6

I have an app that syncs data from a remote DB that users populate. Seems people copy and paste crap from a ton of different OS's and programs which can cause different hidden non ASCII values to be imported into the system.

For example I end up with this:

Artist:â â Ioco

This ends up getting sent back into system during sync and my JSON conversion furthers the problem and invalid characters in various places cause my app to crash.

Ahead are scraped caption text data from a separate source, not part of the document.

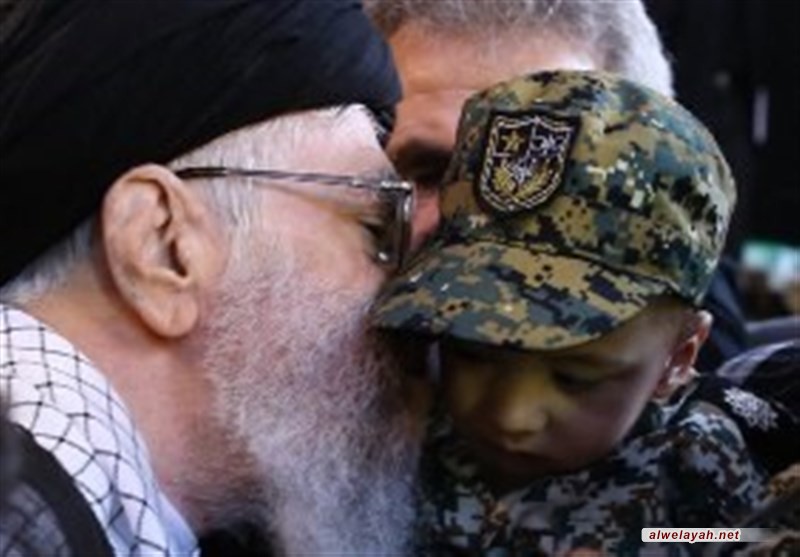 الإمام الخامنئي لأسرة الشهيد حججي: الله تعالى أعز الشهيد المخلص محسن حججي 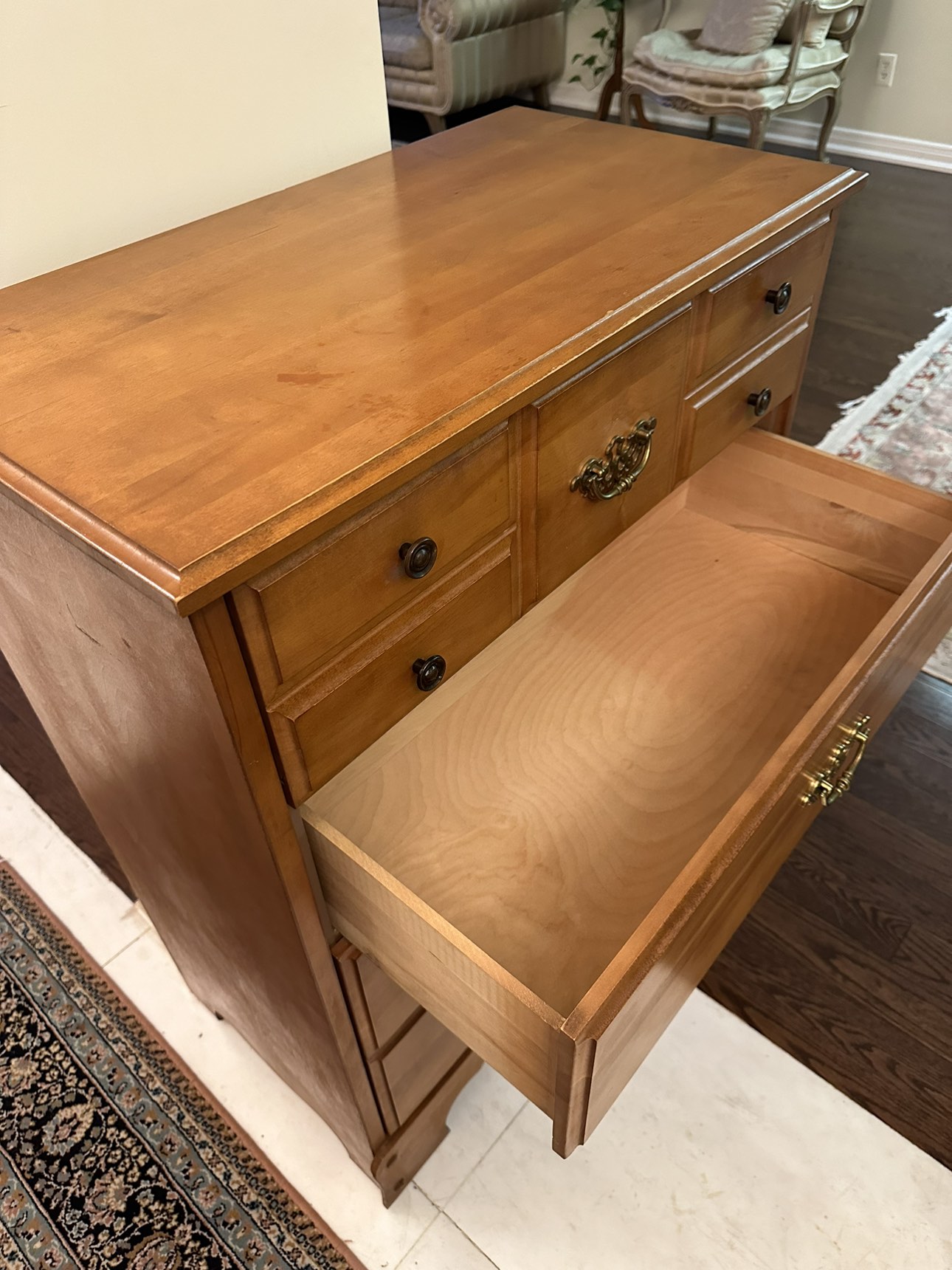 Solid Wood Dresser image indicator(6)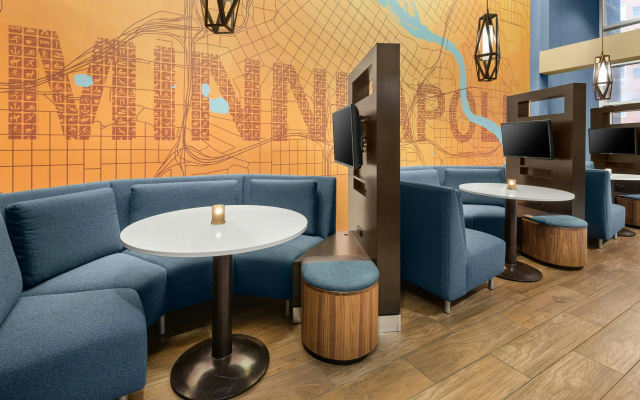 photo 2 of Courtyard by Marriott Minneapolis Downtown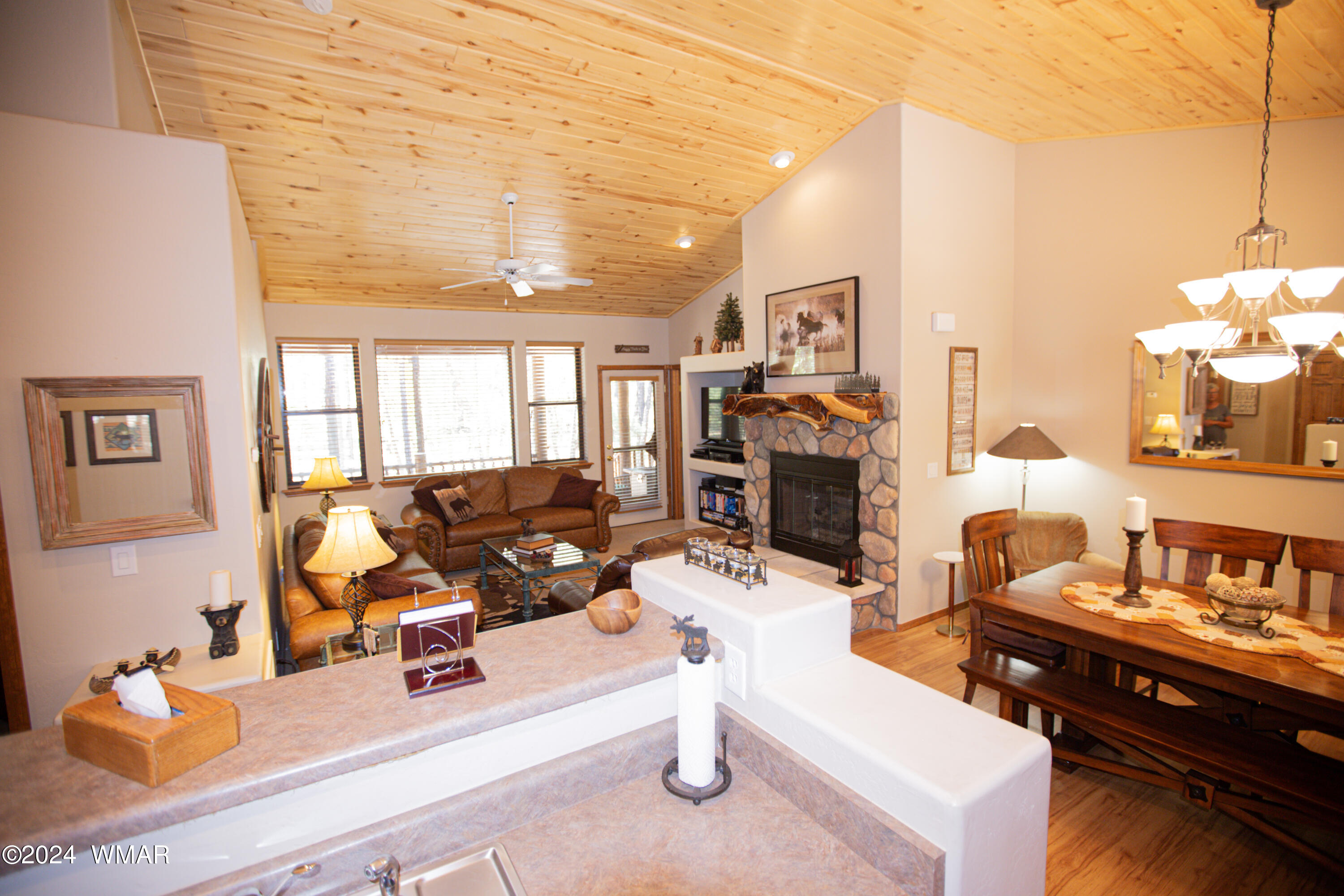 2501 W Lodgepole Lane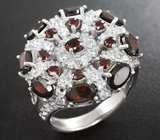 Чудесное серебряное кольцо с мозамбикскими гранатами Серебро 925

How do I search for and clean out any of these invalid characters?

the Tin Man
  • 158,662
  • 42
  • 215
  • 303
Slee
  • 27,498
  • 52
  • 145
  • 243
  • In a nutshell: create a new mutable string, iterate over all characters, check if it's an ASCII character and if so, append it to a the string. –  Jun 15 '11 at 17:15
  • 17
    In 2011 there's really no excuse not to handle unicode properly (http://www.joelonsoftware.com/articles/Unicode.html). Remember that real people can and do have names like José or Müller or Jönsson or even Məmmədov or ბერიძე or 陈. – damian Jun 15 '11 at 17:27
  • 4
    This "crap" letters from other languages than English. You should try to figure out the right encoding to preserve the letters. – vikingosegundo Jun 15 '11 at 17:33
  • turns out it wasn't those characters but some hexadecimal values I could not see – Slee Jun 17 '11 at 13:23
  • 2
    Those 'hexadecimal values' that you can't see will be components of multi-byte (Unicode) characters that your software isn't handling properly. – damian Jun 18 '11 at 14:08

2 Answers2

23

While I strongly believe that supporting unicode is the right way to go, here's an example of how you can limit a string to only contain certain characters (in this case ASCII):

NSString *test = @"Olé, señor!";

NSMutableString *asciiCharacters = [NSMutableString string];
for (NSInteger i = 32; i < 127; i++)  {
    [asciiCharacters appendFormat:@"%c", i];
}

NSCharacterSet *nonAsciiCharacterSet = [[NSCharacterSet characterSetWithCharactersInString:asciiCharacters] invertedSet];

test = [[test componentsSeparatedByCharactersInSet:nonAsciiCharacterSet] componentsJoinedByString:@""];

NSLog(@"%@", test); // Prints @"Ol, seor!"
Cristik
  • 30,989
  • 25
  • 91
  • 127
Morten Fast
  • 6,322
  • 27
  • 36
  • 2
    No, because `stringByTrimmingCharactersInSet` only trims the ends of the string, and therefore won't remove all the characters. – Morten Fast Aug 15 '12 at 09:04
  • 1
    I agree that Unicode is the way to go. However in some cases this might still be valid. I have to generate QR Codes and I think that umlauts and the like are not ideal characters there. – Besi Apr 16 '14 at 13:30
  • Thanks, mate! This was brilliant. – Felipe Feb 16 '17 at 21:32
  • 1
    @Cristik: sorry for making the changes, you were right, they're best added as a separate answer. – NSGod Sep 04 '22 at 14:40
0

A simpler version of Morten Fast's answer:

NSString *test = @"Olé, señor!";

NSCharacterSet *nonAsciiCharacterSet = [[NSCharacterSet 
           characterSetWithRange:NSMakeRange(32, 127 - 32)] invertedSet];

test = [[test componentsSeparatedByCharactersInSet:nonAsciiCharacterSet] 
                          componentsJoinedByString:@""];

NSLog(@"%@", test); // Prints @"Ol, seor!"

Notably, this uses NSCharacterSet's +characterSetWithRange: method to simply specify the desired ASCII range rather than having to create a string, etc.

The results are identical, as comparing one to the other with isEqual: returns YES.

NSGod
  • 22,699
  • 3
  • 58
  • 66